The obvious application (and the original motivation) of heap is heapsort:
Total time: \(O(n \log n)\). Note that even if you don’t know heapify and replace it with \(n\) pushes, it doesn’t change the overal complexity.
However, heaps can also be used in many other much more interesting scenarios in algorithm design. Here we showcase some classical examples.
We all know mergesort uses binary division. But what if we divide the array \(k\) ways? And then recursively mergesort \(k\) subarrays, and finally combine \(k\) sorted (sub)lists. This is known as \(k\)-way mergesort, a very interesting generalization of the classical mergesort which is a special case with \(k=2\).
Again, like classical mergesort, combine is where most of the work lies. Ok, let’s generalize the “two-pointers” idea to “\(k\)-pointers”. But while comparing two numbers is trivial, how do you compare \(k\) numbers and take the smallest one? If you take \(O(k)\) time every step, that would be too slow. Notice that most numbers remain unchanged (only the best number in the previous round is replaced by its successor in that sublist), so you waste much time doing repeated comparisons.
So we use a heap instead!
So the total time for the combine step is \(O(k + n\log k)=O(n\log k)\) because \(k < n\).
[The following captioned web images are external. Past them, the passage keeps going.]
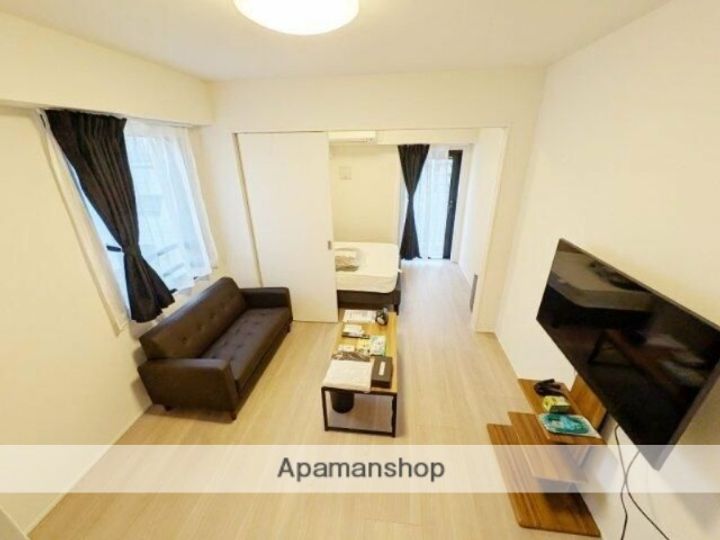 東京都豊島区南大塚3丁目の賃貸マンションの居間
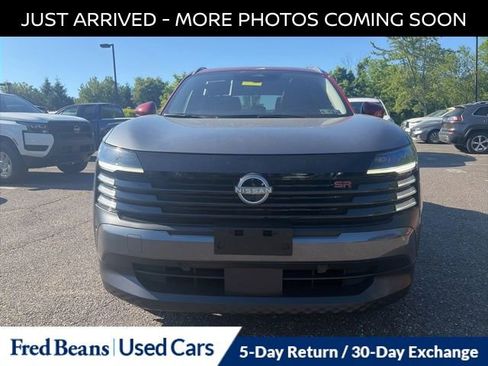 Certified 2025 Nissan Kicks SR w/ SR Premium Package AWD/4WD image 2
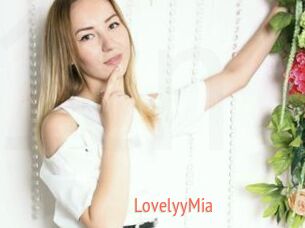 LovelyyMia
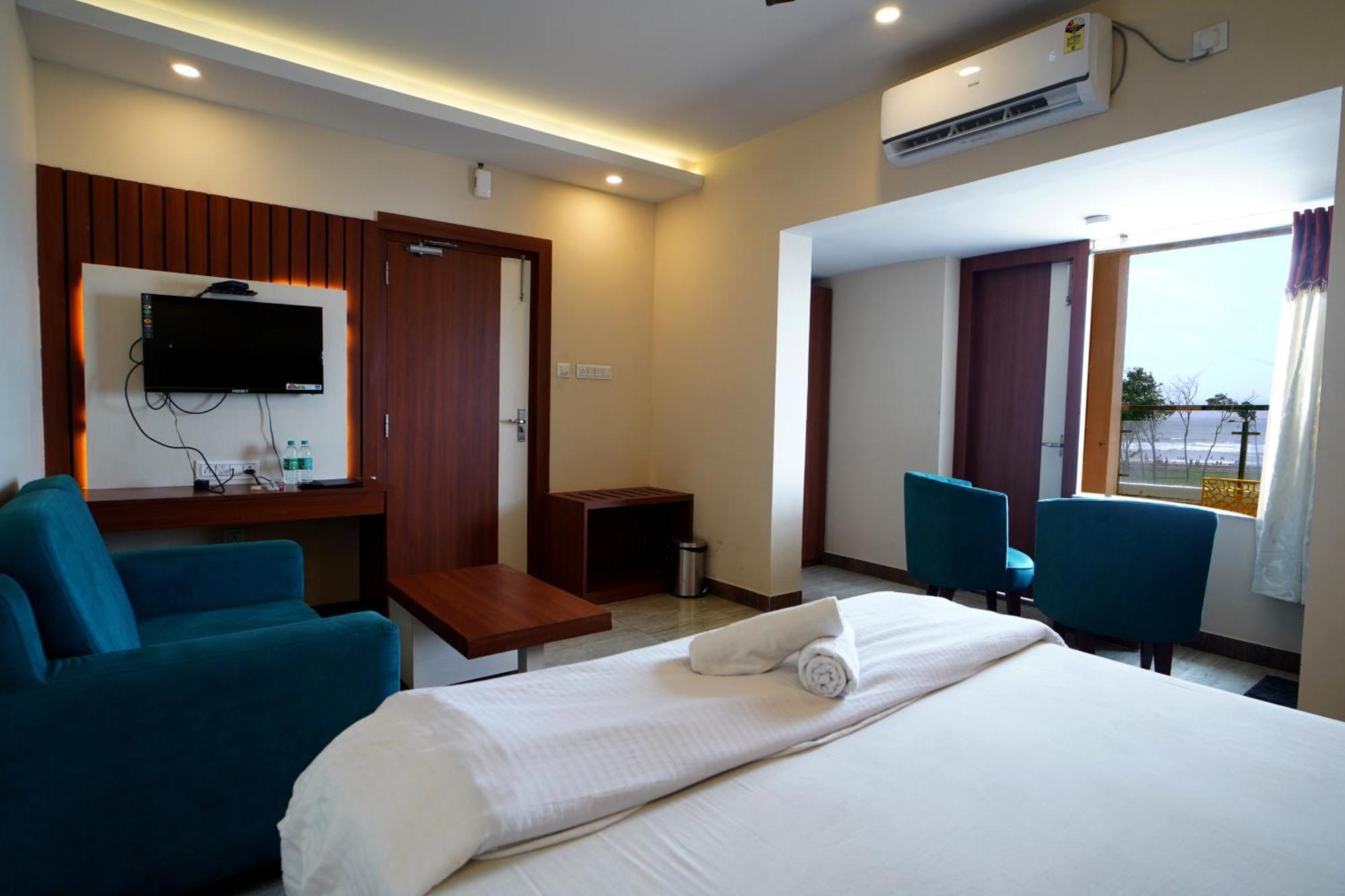 Royal Sea View !! Beach Front With Free Wifi !! Digha  Eksteriør billede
Caveat: Notice that if \(k \geq n\), our \(k\)-way mergesort becomes heapsort! So the two extreme special cases of \(k\)-way mergesort are classical mergesort (\(k=2\)) and heapsort (\(k=n\)).
Now divide+combine (the non-recursive parts, or the work at each level) is \(O(k+n\log k)=O(n\log k)\). Now we get back to the overall time using recurrence:
\[ T(n) = k T(n/k) + O(n\log k)\]
We’ll still use the “recursion tree” method to expand the recursion:
This is a remarkable result that the runtime of \(k\)-mergesort does not depend on \(k\)!
Alternative method: Using the Master Method, we can see that the above recurrence falls into case 2, so \(T(n)=O(n\log n)\).
Another problem similar to \(k\)-way mergesort is the team selection problem: the United States have \(n=50\) states, and each state has selected its (sorted) top \(k\) tennis players. Now we need to select the top \(k\) players to form team USA (for Olympics). How would you do that as fast as possible?
Same as \(k\)-way mergesort, you build an initial heap of size \(n\) from the best players of each state. Then you pop/push (or heapreplace), until you have popped \(k\) players.
Time: \(O(n + k\log n)\), because the heap size is bounded by \(n\).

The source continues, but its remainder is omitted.